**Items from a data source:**
----
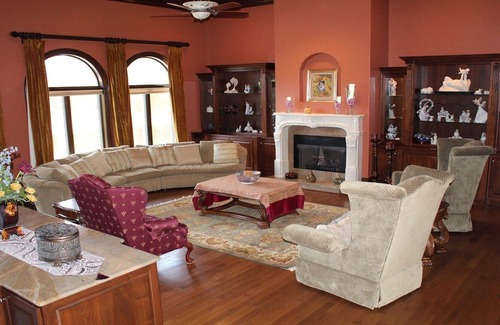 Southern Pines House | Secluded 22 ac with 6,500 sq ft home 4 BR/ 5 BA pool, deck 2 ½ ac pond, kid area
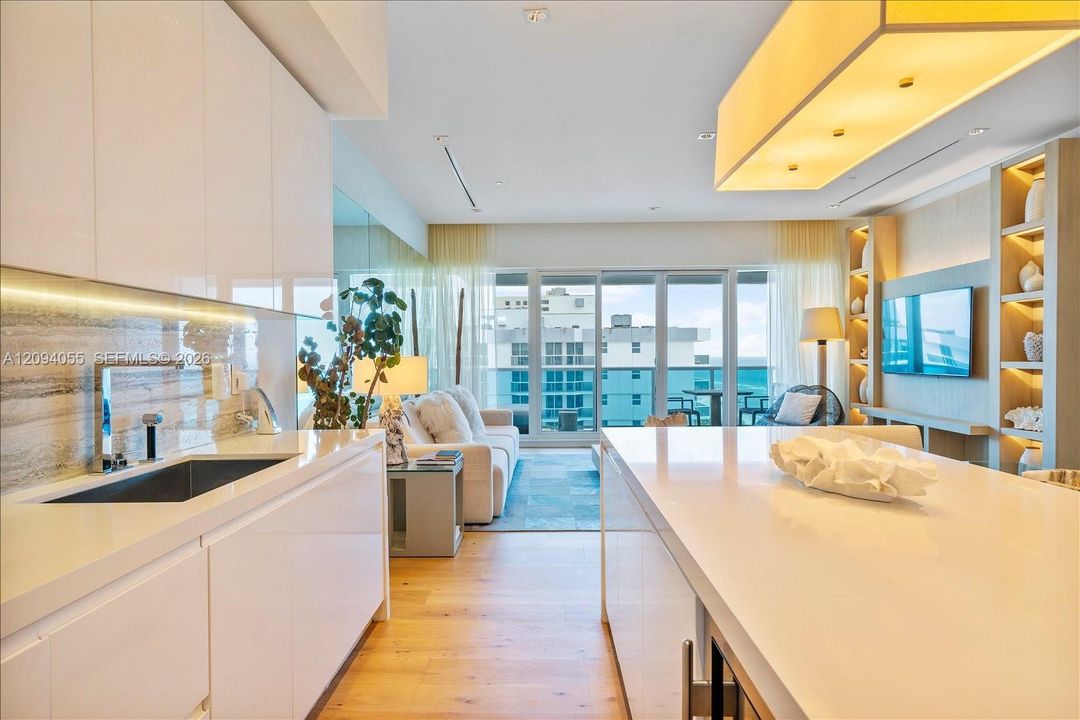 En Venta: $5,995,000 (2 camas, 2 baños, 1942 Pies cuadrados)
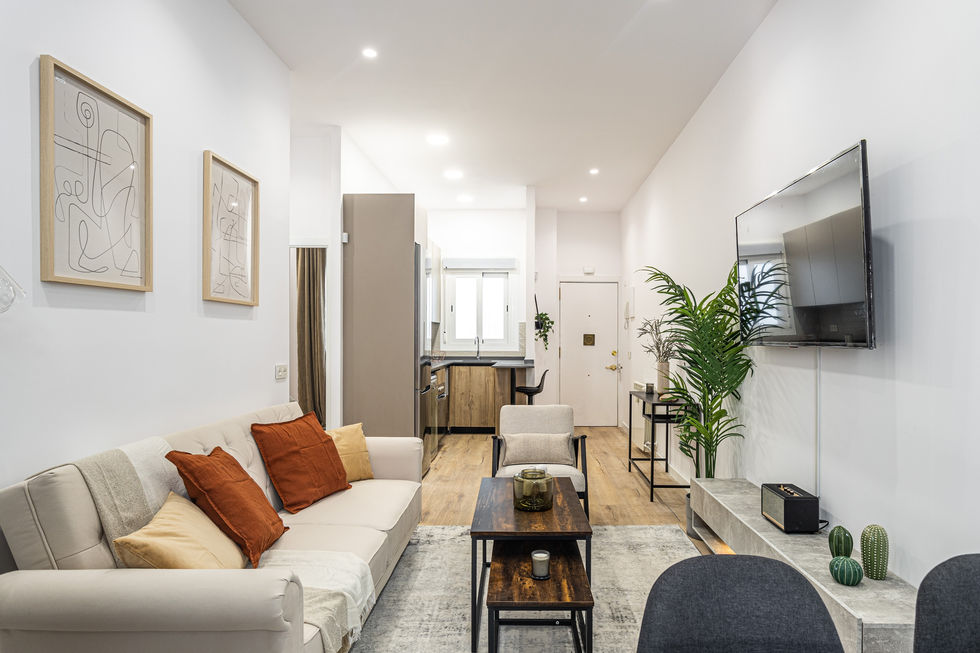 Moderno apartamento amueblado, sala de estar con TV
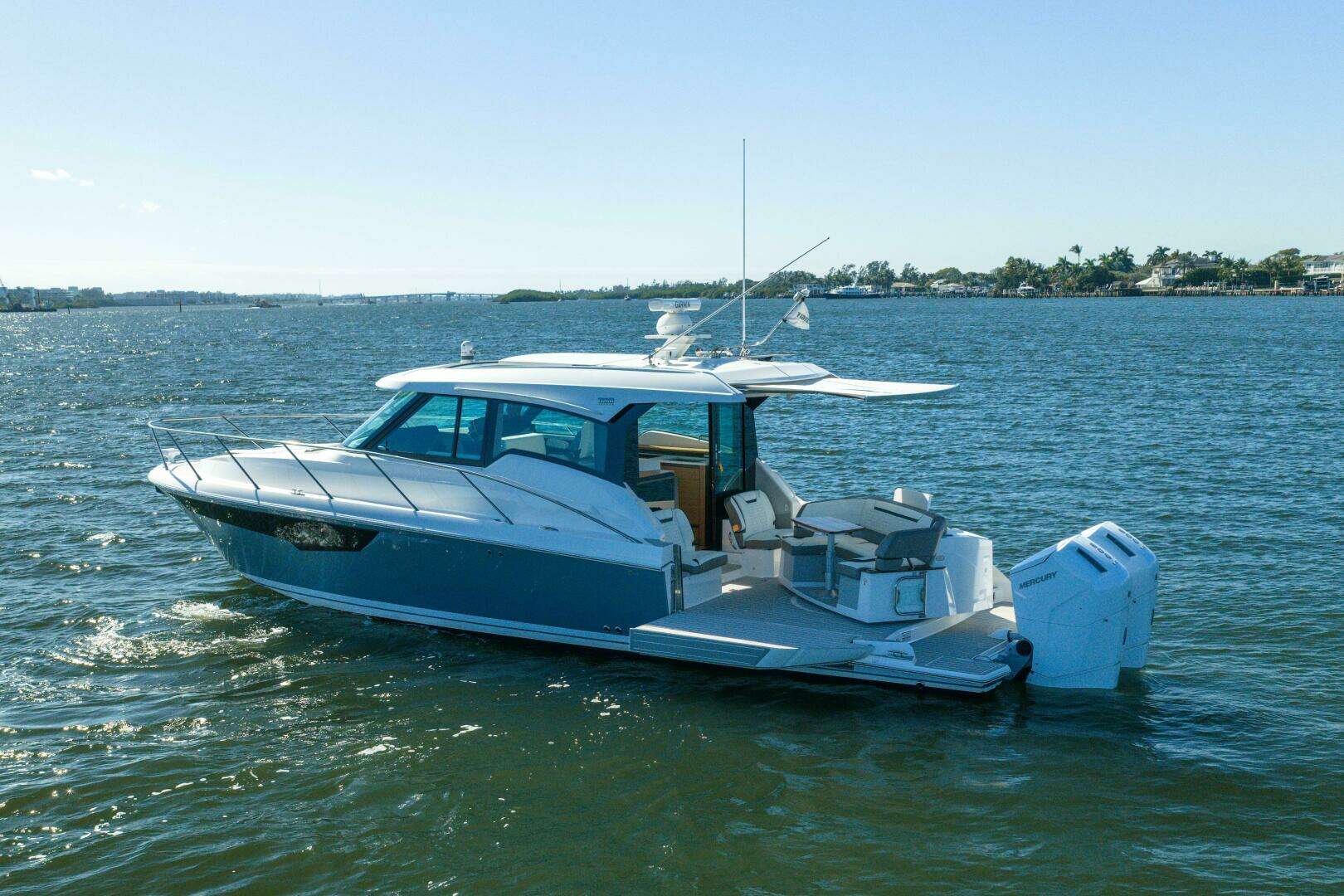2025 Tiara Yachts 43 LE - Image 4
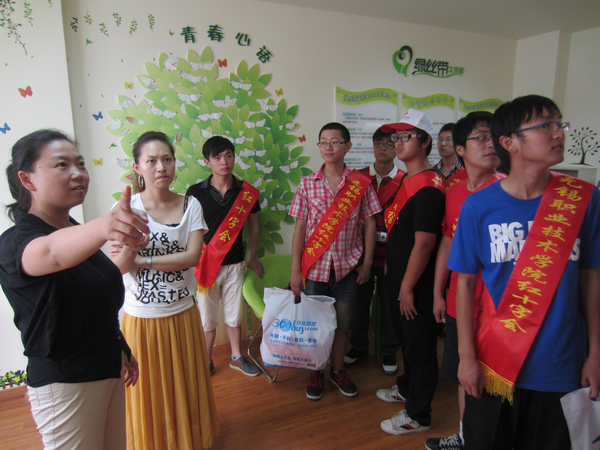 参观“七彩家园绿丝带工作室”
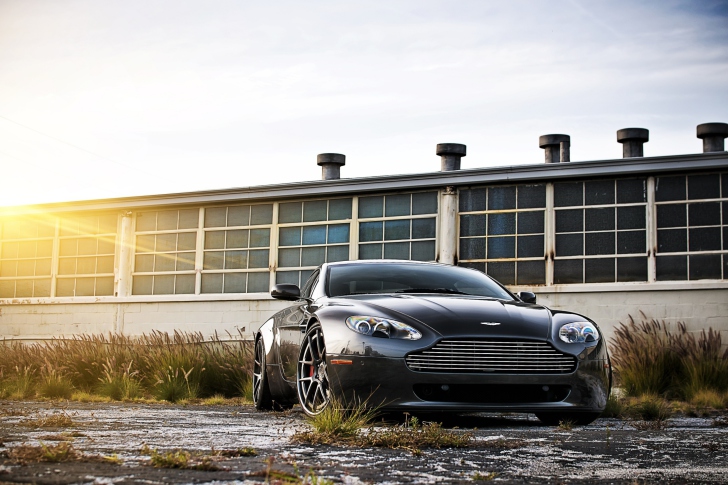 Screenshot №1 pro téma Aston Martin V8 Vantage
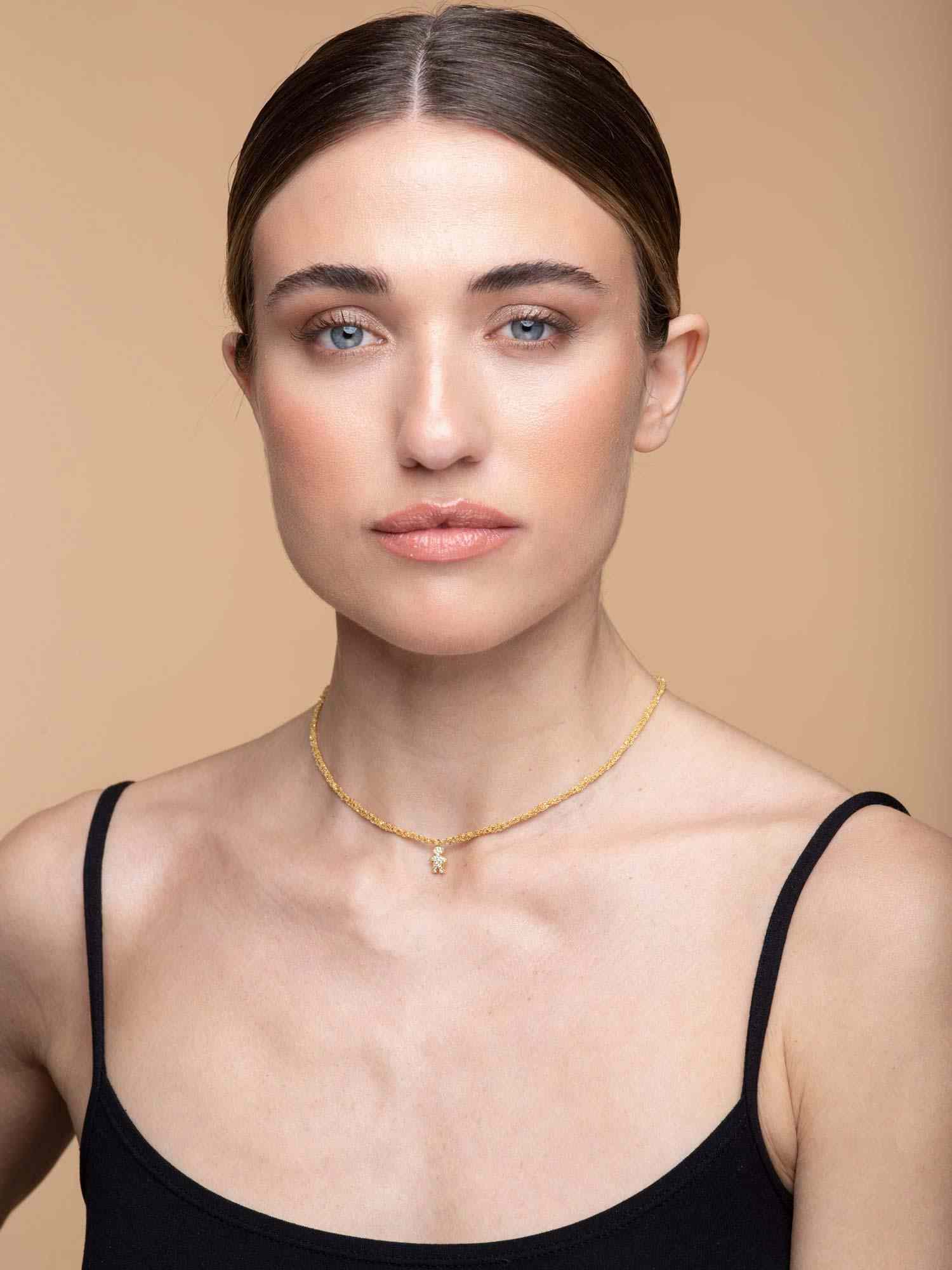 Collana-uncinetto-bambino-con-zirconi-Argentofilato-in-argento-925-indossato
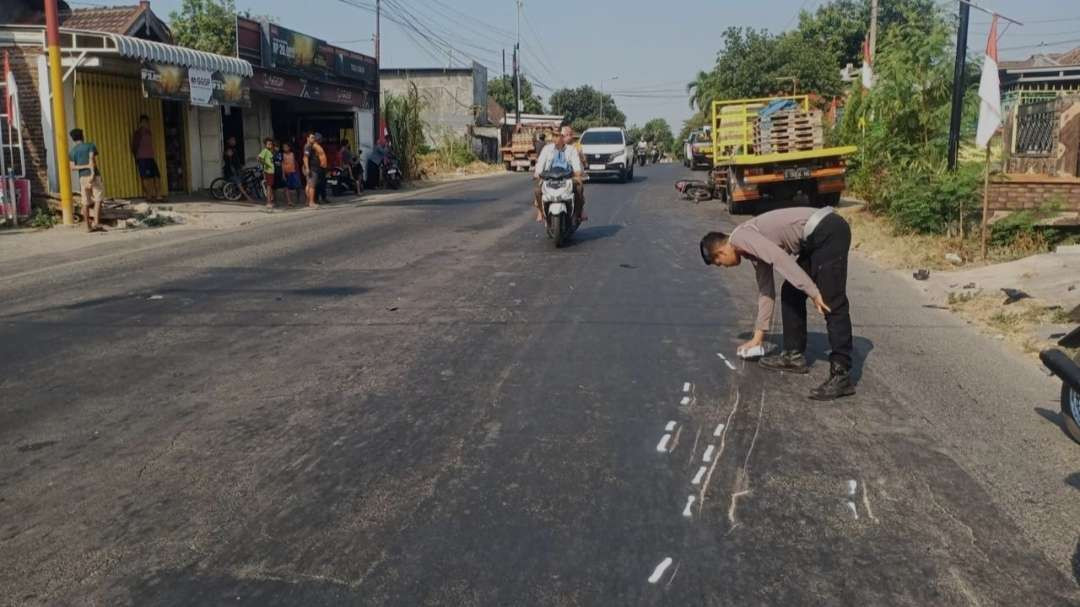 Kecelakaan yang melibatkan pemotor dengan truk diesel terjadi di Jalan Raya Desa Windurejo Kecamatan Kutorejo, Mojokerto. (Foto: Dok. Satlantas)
----
**Your task:** What is needed is a word-for-word restatement of the entries, minus any pictures.

**Exercise output:**
 Southern Pines House | Secluded 22 ac with 6,500 sq ft home 4 BR/ 5 BA pool, deck 2 ½ ac pond, kid area
 En Venta: $5,995,000 (2 camas, 2 baños, 1942 Pies cuadrados)
 Moderno apartamento amueblado, sala de estar con TV
2025 Tiara Yachts 43 LE - Image 4
 参观“七彩家园绿丝带工作室”
 Screenshot №1 pro téma Aston Martin V8 Vantage
 Collana-uncinetto-bambino-con-zirconi-Argentofilato-in-argento-925-indossato
 Kecelakaan yang melibatkan pemotor dengan truk diesel terjadi di Jalan Raya Desa Windurejo Kecamatan Kutorejo, Mojokerto. (Foto: Dok. Satlantas)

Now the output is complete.